If you are looking at older vans it may be a Carver system like mine. It consists of a gas fire with a "Fanmaster" unit sitting behind it. The gas fire can be used as a 'stand alone' unit like any domestic fire, the knob on the top acting as thermostat. It can also be used in conjunction with the fanmaster which delivers blown warm air heating, a more efficient way of warming the van quickly but if you are not on mains hook-up the fan unit can draw a fair amount out of the battery so we use it sparingly.

It will also work on mains electricity without gas, utilising electric elements in the fanmaster unit. These use either 1kw or 2kw depending on your setting. The thermostat for this is on the control panel.

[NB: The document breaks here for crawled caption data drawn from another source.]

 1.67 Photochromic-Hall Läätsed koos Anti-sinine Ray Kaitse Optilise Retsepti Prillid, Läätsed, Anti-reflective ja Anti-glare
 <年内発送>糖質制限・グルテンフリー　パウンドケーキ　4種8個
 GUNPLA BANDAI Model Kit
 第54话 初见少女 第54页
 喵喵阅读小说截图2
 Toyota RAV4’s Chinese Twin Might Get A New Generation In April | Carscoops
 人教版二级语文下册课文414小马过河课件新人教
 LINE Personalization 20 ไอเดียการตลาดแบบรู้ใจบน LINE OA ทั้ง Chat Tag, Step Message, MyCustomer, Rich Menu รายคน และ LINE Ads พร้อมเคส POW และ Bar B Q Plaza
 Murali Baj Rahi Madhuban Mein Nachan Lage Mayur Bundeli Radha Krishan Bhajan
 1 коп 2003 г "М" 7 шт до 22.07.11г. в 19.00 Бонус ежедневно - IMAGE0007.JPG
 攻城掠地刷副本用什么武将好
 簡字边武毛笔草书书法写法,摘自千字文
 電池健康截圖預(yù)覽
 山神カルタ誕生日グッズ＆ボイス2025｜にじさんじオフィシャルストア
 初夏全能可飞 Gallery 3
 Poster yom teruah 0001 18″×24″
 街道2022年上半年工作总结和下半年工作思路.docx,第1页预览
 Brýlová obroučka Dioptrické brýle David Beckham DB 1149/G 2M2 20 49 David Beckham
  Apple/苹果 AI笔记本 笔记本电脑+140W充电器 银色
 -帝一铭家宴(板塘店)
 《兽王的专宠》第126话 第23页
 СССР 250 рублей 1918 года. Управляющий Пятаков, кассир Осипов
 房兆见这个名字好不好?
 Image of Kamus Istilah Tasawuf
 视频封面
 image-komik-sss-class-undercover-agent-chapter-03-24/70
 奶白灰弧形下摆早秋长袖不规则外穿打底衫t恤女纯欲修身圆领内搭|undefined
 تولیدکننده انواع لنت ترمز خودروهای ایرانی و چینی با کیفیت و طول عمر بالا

Both gas and electric have either auto or slow settings on the fanmaster. The auto setting will set the fan going at full tilt until the desired temperature has been reached, the slow setting is constant (and pretty quiet).

I believe it will also run on both gas and electric at the same time if required but we have never felt the need for such extremes.

Our water heating is by a separate Carver boiler which is gas only but there are also gas/electric models.

JohnW


----------



## dovtrams (Aug 18, 2009)

russell

thanks for that comprehensive check sheet. this is like everything else in life, the first time is a bit traumatic in case you don't get it right!

dave


----------